Sinan Ulgen, head of the Istanbul Centre for Economics and Foreign Policy Studies, warned the government would struggle to contain the fallout from the disaster.
“Is this an act of God, or a case of negligence? We don’t know. The government must demonstrate the political will to comply with EU standards on work health and work safety in order for this catastrophe not to become a political minefield,” he told AFP.
Authorities said 282 people were confirmed dead making it Turkey’s worst ever industrial accident.
Before midday prayers on Thursday, thousands of locals packed the cemetery in Soma where grave-diggers were still hollowing out a long line of graves.
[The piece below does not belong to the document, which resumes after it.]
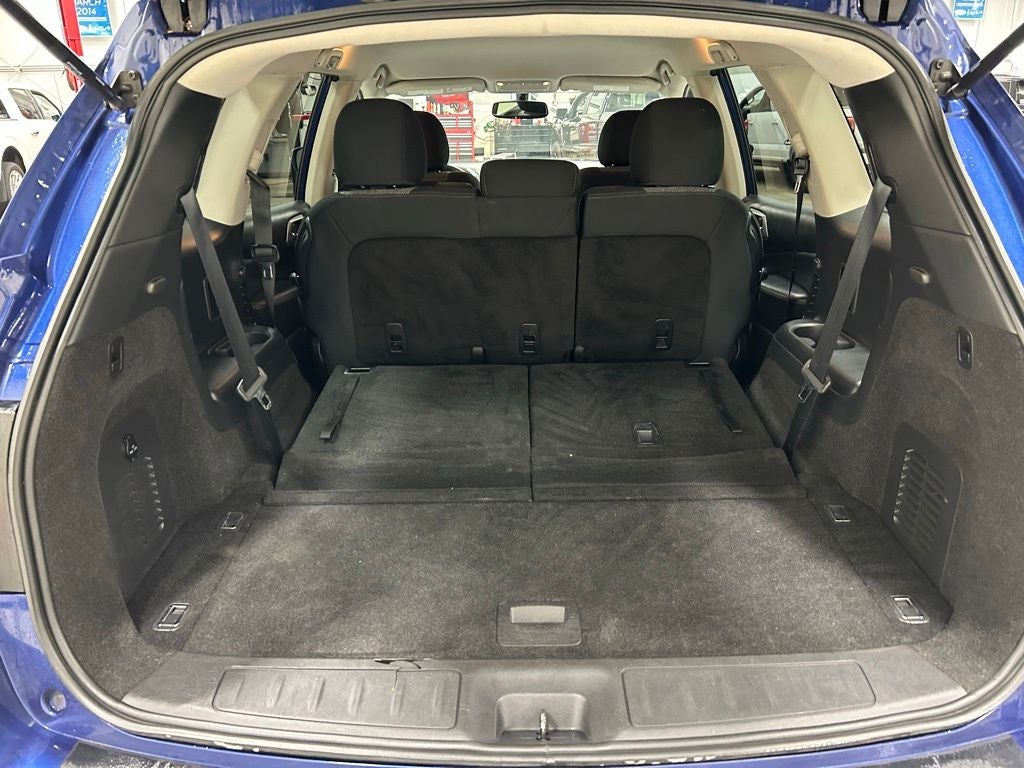 2020 Nissan Pathfinder SV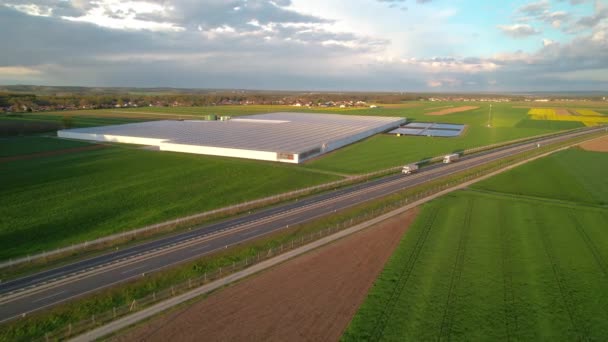 Aerial Großes Gewächshaus Für Gemüseproduktion Der Nähe Der Autobahn Goldenem — Stockvideo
All morning the loudspeakers in the town of 100,000 had been crackling with the sound of death announcements - the names of the deceased, and details of their burial arrangements.
“My husband works in another mine,” said Fethiye Kudu, watching the solemn graveside procession under the beating sun and wind. “I came out of solidarity. It’s very hard for us all.”
Early reports said 787 workers were underground when the blast occurred. By late Wednesday, “close to 450” workers had been rescued, according to Soma Komur.
But accounts from rescue workers cast doubt over these numbers.
Erdem Bakin, a doctor with the Search and Rescue organisation, said only around 70 to 80 people who were between the mine entrance and the transformer that exploded had survived.
The prosecutor’s office in Soma, a key centre for lignite coal mining located around 480 kilometres (300 miles) southwest of Istanbul, has launched an investigation into the disaster.
The main opposition Republican People’s Party (CHP) said it asked parliament last month to investigate work-related accidents at coal mines in Soma, but the government turned down the request.
“We receive tip-offs every day that workers’ lives are under threat,” local CHP lawmaker Ozgur Ozel told Turkish media. “We lawmakers from Manisa are tired of going to miner funerals.”
Turkey’s ministry of labour and social security said the Soma mine had been inspected eight times in the last four years, most recently on March 17, and was found to comply with safety regulations.
Soma Komur said it had taken maximum measures to ensure safety.